::: Input for this task :::

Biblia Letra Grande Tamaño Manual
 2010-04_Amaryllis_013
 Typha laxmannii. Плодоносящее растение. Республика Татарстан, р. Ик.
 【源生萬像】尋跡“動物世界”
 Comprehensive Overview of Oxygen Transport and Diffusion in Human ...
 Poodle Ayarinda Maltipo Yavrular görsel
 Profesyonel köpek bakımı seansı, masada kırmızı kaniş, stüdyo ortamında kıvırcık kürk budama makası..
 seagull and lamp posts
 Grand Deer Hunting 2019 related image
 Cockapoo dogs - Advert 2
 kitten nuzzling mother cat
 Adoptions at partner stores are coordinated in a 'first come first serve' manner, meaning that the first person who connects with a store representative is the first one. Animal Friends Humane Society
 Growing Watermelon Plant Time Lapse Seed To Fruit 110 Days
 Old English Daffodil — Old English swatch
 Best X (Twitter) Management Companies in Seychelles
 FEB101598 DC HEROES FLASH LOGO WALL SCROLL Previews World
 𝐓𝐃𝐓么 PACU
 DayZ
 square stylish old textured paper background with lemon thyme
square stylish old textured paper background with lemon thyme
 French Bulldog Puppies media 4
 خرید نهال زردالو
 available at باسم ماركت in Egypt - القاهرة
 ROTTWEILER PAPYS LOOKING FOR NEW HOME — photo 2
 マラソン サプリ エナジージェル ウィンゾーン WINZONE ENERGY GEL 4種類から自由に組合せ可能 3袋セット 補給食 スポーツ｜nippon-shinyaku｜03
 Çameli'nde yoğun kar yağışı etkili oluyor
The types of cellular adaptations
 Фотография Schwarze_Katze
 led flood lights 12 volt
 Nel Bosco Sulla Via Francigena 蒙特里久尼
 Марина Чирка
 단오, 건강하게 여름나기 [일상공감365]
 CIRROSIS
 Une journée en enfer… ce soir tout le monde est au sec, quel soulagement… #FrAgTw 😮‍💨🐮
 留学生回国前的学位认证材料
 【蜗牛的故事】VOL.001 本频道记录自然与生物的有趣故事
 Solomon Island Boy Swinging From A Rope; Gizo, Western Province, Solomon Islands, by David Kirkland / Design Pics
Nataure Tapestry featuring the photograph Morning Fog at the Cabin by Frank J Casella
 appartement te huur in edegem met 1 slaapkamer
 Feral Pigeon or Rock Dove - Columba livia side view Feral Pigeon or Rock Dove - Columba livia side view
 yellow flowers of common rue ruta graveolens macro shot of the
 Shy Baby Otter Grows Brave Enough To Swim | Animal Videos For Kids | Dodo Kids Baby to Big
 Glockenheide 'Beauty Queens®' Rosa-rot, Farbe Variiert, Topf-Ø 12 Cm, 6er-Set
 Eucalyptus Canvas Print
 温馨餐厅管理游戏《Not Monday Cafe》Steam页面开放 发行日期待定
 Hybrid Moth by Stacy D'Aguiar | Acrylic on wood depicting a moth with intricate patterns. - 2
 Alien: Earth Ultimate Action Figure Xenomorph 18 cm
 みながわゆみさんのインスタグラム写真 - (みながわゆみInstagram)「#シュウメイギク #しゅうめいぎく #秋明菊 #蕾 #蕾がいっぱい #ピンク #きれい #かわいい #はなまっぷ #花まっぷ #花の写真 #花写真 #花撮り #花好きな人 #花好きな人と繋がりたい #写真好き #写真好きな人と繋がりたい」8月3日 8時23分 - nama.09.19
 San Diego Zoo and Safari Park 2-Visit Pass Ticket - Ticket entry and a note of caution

:::

◆ **Task item**: Once the records are read, print each of them exactly as written.

◆ **Result below**:
Biblia Letra Grande Tamaño Manual
 2010-04_Amaryllis_013
 Typha laxmannii. Плодоносящее растение. Республика Татарстан, р. Ик.
 【源生萬像】尋跡“動物世界”
 Comprehensive Overview of Oxygen Transport and Diffusion in Human ...
 Poodle Ayarinda Maltipo Yavrular görsel
 Profesyonel köpek bakımı seansı, masada kırmızı kaniş, stüdyo ortamında kıvırcık kürk budama makası..
 seagull and lamp posts
 Grand Deer Hunting 2019 related image
 Cockapoo dogs - Advert 2
 kitten nuzzling mother cat
 Adoptions at partner stores are coordinated in a 'first come first serve' manner, meaning that the first person who connects with a store representative is the first one. Animal Friends Humane Society
 Growing Watermelon Plant Time Lapse Seed To Fruit 110 Days
 Old English Daffodil — Old English swatch
 Best X (Twitter) Management Companies in Seychelles
 FEB101598 DC HEROES FLASH LOGO WALL SCROLL Previews World
 𝐓𝐃𝐓么 PACU
 DayZ
 square stylish old textured paper background with lemon thyme
square stylish old textured paper background with lemon thyme
 French Bulldog Puppies media 4
 خرید نهال زردالو
 available at باسم ماركت in Egypt - القاهرة
 ROTTWEILER PAPYS LOOKING FOR NEW HOME — photo 2
 マラソン サプリ エナジージェル ウィンゾーン WINZONE ENERGY GEL 4種類から自由に組合せ可能 3袋セット 補給食 スポーツ｜nippon-shinyaku｜03
 Çameli'nde yoğun kar yağışı etkili oluyor
The types of cellular adaptations
 Фотография Schwarze_Katze
 led flood lights 12 volt
 Nel Bosco Sulla Via Francigena 蒙特里久尼
 Марина Чирка
 단오, 건강하게 여름나기 [일상공감365]
 CIRROSIS
 Une journée en enfer… ce soir tout le monde est au sec, quel soulagement… #FrAgTw 😮‍💨🐮
 留学生回国前的学位认证材料
 【蜗牛的故事】VOL.001 本频道记录自然与生物的有趣故事
 Solomon Island Boy Swinging From A Rope; Gizo, Western Province, Solomon Islands, by David Kirkland / Design Pics
Nataure Tapestry featuring the photograph Morning Fog at the Cabin by Frank J Casella
 appartement te huur in edegem met 1 slaapkamer
 Feral Pigeon or Rock Dove - Columba livia side view Feral Pigeon or Rock Dove - Columba livia side view
 yellow flowers of common rue ruta graveolens macro shot of the
 Shy Baby Otter Grows Brave Enough To Swim | Animal Videos For Kids | Dodo Kids Baby to Big
 Glockenheide 'Beauty Queens®' Rosa-rot, Farbe Variiert, Topf-Ø 12 Cm, 6er-Set
 Eucalyptus Canvas Print
 温馨餐厅管理游戏《Not Monday Cafe》Steam页面开放 发行日期待定
 Hybrid Moth by Stacy D'Aguiar | Acrylic on wood depicting a moth with intricate patterns. - 2
 Alien: Earth Ultimate Action Figure Xenomorph 18 cm
 みながわゆみさんのインスタグラム写真 - (みながわゆみInstagram)「#シュウメイギク #しゅうめいぎく #秋明菊 #蕾 #蕾がいっぱい #ピンク #きれい #かわいい #はなまっぷ #花まっぷ #花の写真 #花写真 #花撮り #花好きな人 #花好きな人と繋がりたい #写真好き #写真好きな人と繋がりたい」8月3日 8時23分 - nama.09.19
 San Diego Zoo and Safari Park 2-Visit Pass Ticket - Ticket entry and a note of caution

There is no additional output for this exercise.